More information on builtin functions can be found in the LLVM compiler documentation.
A full list of builtins that target the IPU can be found in the Poplar and PopLibs API documentation.
For example:
// compile with popc --S --target ipu1 example_builtins.cpp -o out.s -O2
#include <ipu_vector_math>
// Generic builtin provided by clang
void shufflevector(half2 x1, half2 x2, half2 *x3) {
*x3 = __builtin_shufflevector(x1, x2, 0, 0);
}
// IPU target specific builtin
uint2 get_packed_ptr (const float *a, const float *b, const float *c) {
return __builtin_ipu_tapack(a, b, c);
}
will result in:
_Z13shufflevectorDv2_DhS_PS_:
sort4x16lo $a0, $a0, $a0
st32 $a0, $m0, $m15, 0
br $m10
_Z14get_packed_ptrPKfS0_S0_:
tapack $m0:1, $m0, $m1, $m2
br $m10
11.10. Inline assembly
In some instances you may be unable to get the desired code, for example if there are architecture-specific instructions that cannot easily be represented in C/C++, or if the compiler just cannot produce the desired code despite our best efforts.

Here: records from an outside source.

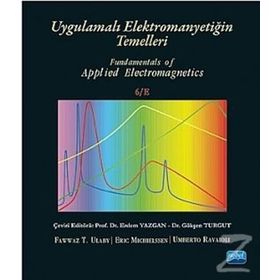 UYGULAMALI ELEKTROMANYETIĞIN TEMELLERI - FAWWAZ T. ULABY;ERIC MICHIELSSEN;UMBERTO RAVAIOLI (ISBN:9786051333724)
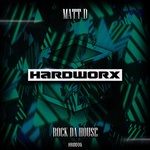 cover: Matt D - Rock Da House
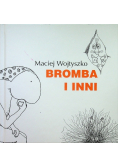 Bromba i inni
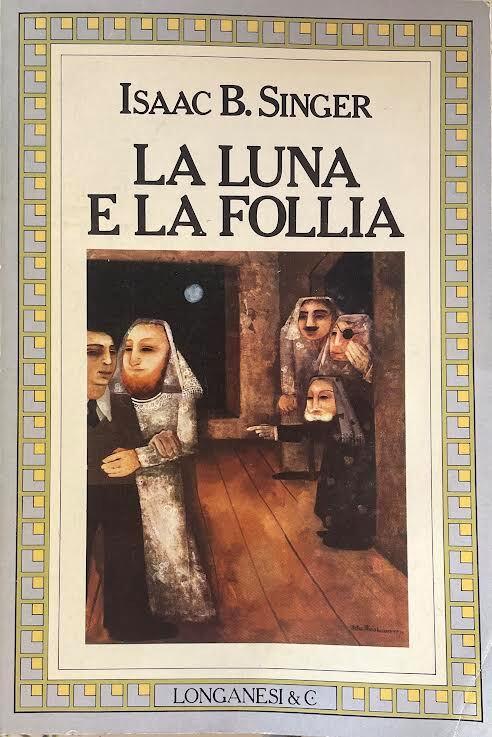 La luna e la follia - Isaac B. Singer - copertina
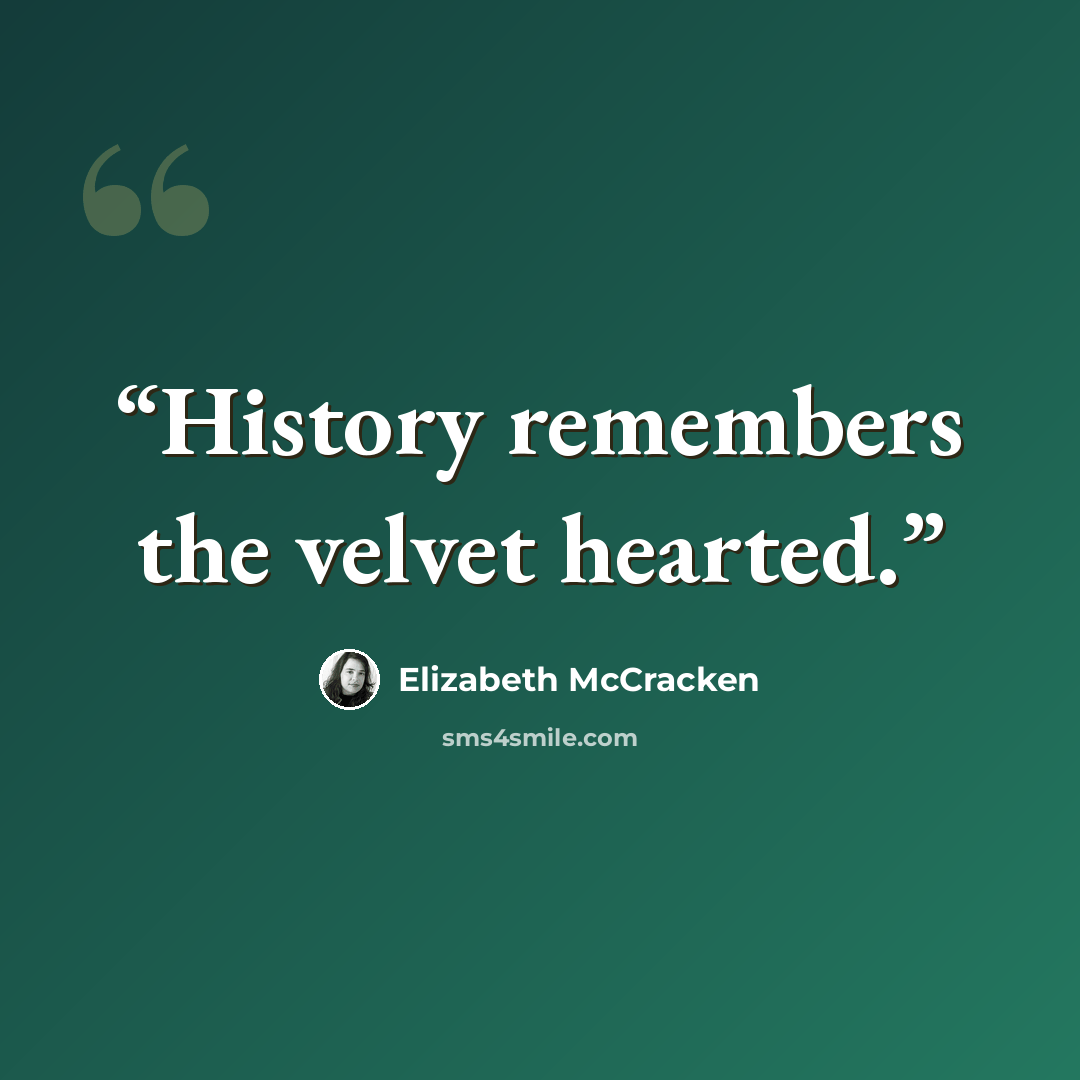 “History remembers the velvet hearted.” quote by Elizabeth McCracken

In this case, you can write inline assembly within our C/C++ functions instead of manually creating the entire function in assembly.
The inline assembler can inhibit further optimisations within a function so take care when using inline assembly.
For example:
// Compiled with popc --S --target ipu1 -O2 example_inline_asm.c -o out.s
#include <ipudef.h>
// Write 16 bits to memory assuming a 32 bit aligned destination pointer
void write16Aligned32(half in, half2 *outPtr) {
// Ensure that the operand that is put into a 32 register is 32 bits in size
half2 result = {in, in};
asm volatile(" ldb16 $a0, $mzero, %[h2Out], 1\n"

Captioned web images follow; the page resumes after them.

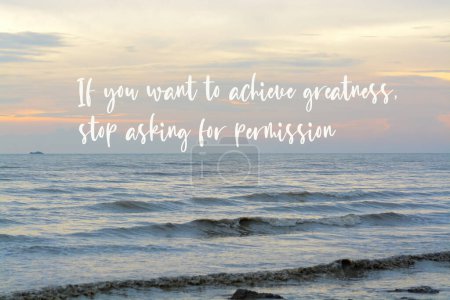 Photo for Motivational quote written with IF YOU WANT TO ACHIEVE GREATNESS, STOP ASKING FOR PERMISSION. - Royalty Free Image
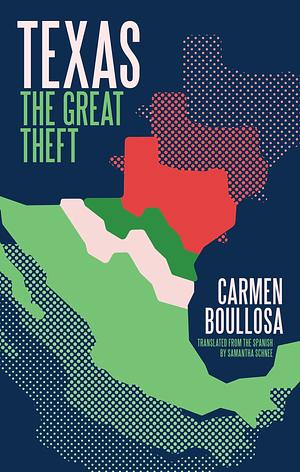Texas: The Great Theft by Carmen Boullosa
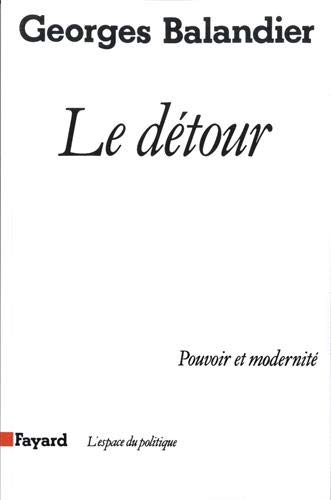Le Détour : Pouvoir et modernité von Fayard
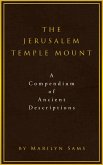 The Jerusalem Temple Mount: A Compendium of Ancient Descriptions (eBook, ePUB)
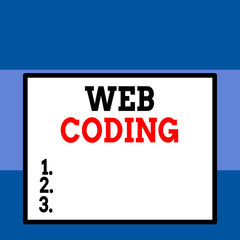 Poster - conceptual hand writing showing web coding. concept meaning work involved in developing a web site f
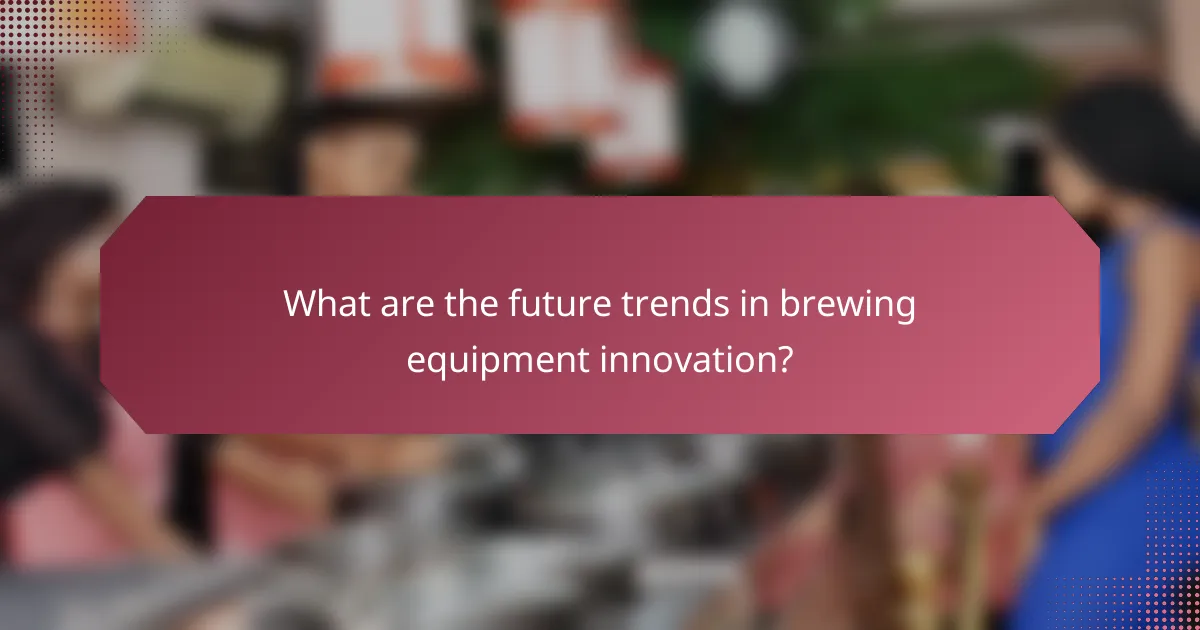 What are the future trends in brewing equipment innovation?
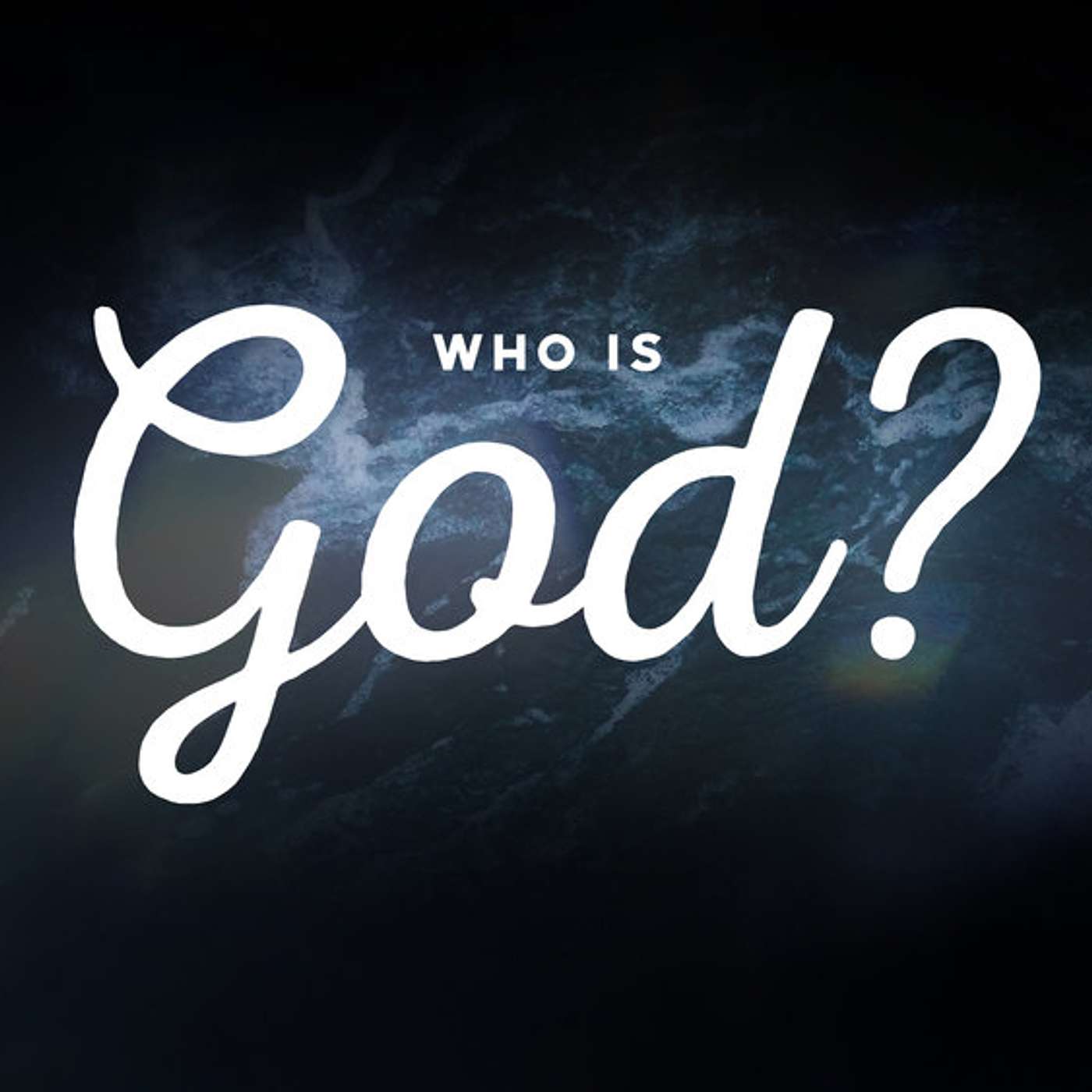 Who Is God? (part 7)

" sort4x16lo $a0, %[result], $a0\n"
" st32 $a0, $mzero, %[h2Out],0\n"
:
: [result] "r"(result), [h2Out] "r"(outPtr)
: "$a0", "memory");
}
// Combine four 8bit values in the 8 lsbs of each input into a single 32
// bit result. bits 8..31 of the inputs are ignored
unsigned combine8bit(unsigned in0, unsigned in1, unsigned in2, unsigned in3) {
unsigned out;
asm volatile(" shuf8x8lo $m1, %[in0], %[in1]\n"
" shuf8x8lo $m0, %[in2], %[in3]\n"
" sort4x16lo %[out], $m1, $m0\n"
: [out] "+r"(out)
: [in0] "r"(in0), [in1] "r"(in1), [in2] "r"(in2), [in3] "r"(in3)
: "$m0", "$m1");
return out;
}
will result in:
write16Aligned32: # @write16Aligned32
sort4x16lo $a1, $a0, $a0
ldb16 $a0, $m15, $m0, 1
sort4x16lo $a0, $a1, $a0
st32 $a0, $m15, $m0, 0
br $m10
combine8bit: # @combine8bit
mov $m4, $m1
mov $m5, $m0
shuf8x8lo $m1, $m5, $m4
shuf8x8lo $m0, $m2, $m3
sort4x16lo $m2, $m1, $m0
mov $m0, $m2
br $m10
11.11. Intrinsics
Inline assembly can be avoided — to an extent — by using intrinsics that are guaranteed to map to single instructions. These can be found in (and included from) the header file ipu_intrinsics
. The long-term aim of this feature is to give you the ability to target as much of the instruction set as possible, via C/C++ functions, and to therefore relieve you of the need to write blocks of inline assembly.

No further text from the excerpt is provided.